§ What you will do:
Could you write out, exactly as they stand, only the lines in the listing below from the line with "high sense reversible" to the line with "[32] VIMS OUTFITTERS 레귤러핏 패치워크 데님팬츠", both ends included, without the pictures?

§ Records for this task:

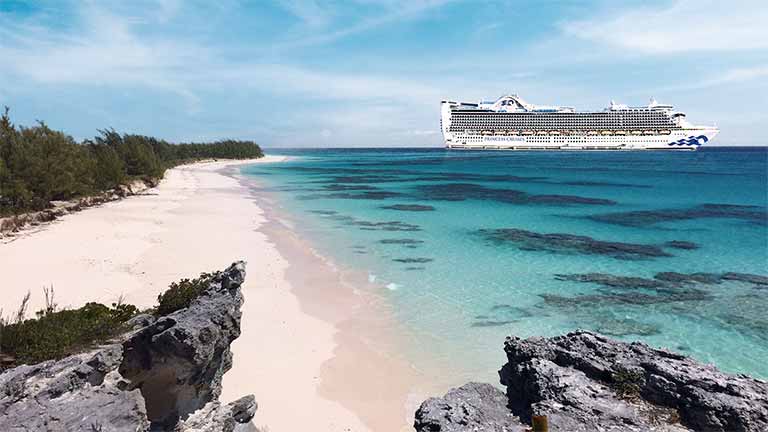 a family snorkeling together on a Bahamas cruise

...

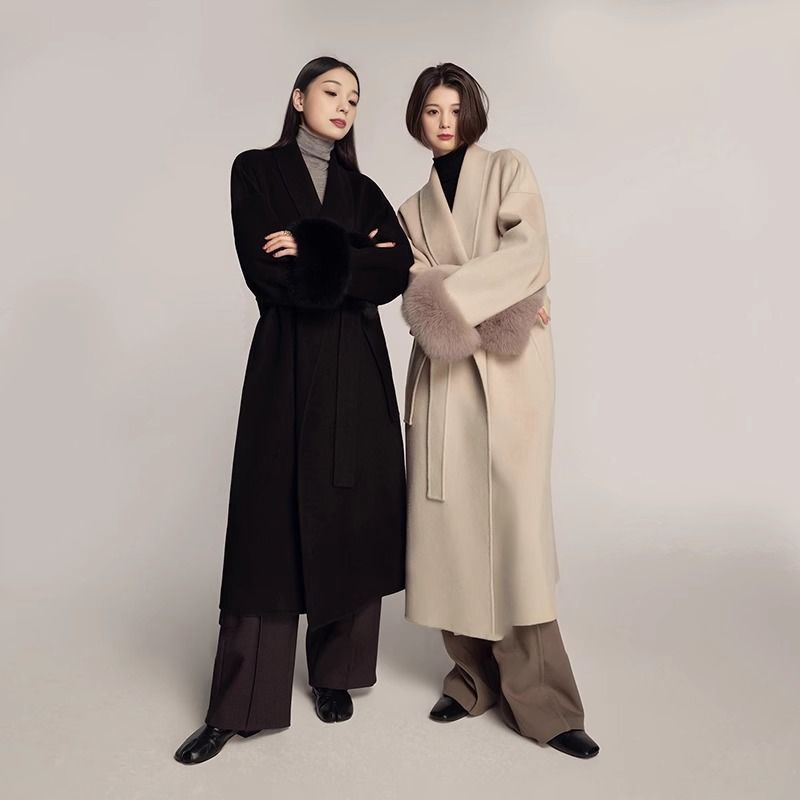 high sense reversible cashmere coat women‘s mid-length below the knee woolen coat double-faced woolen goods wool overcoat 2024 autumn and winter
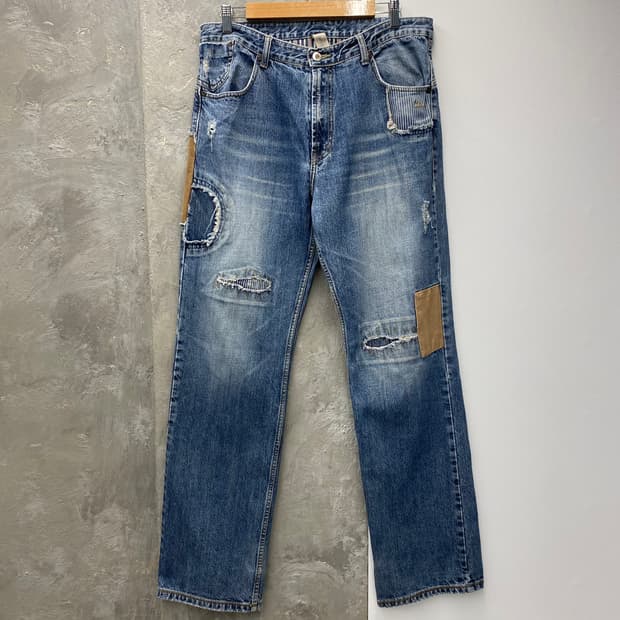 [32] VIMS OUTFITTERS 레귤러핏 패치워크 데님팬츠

§ Response below:
 high sense reversible cashmere coat women‘s mid-length below the knee woolen coat double-faced woolen goods wool overcoat 2024 autumn and winter
 [32] VIMS OUTFITTERS 레귤러핏 패치워크 데님팬츠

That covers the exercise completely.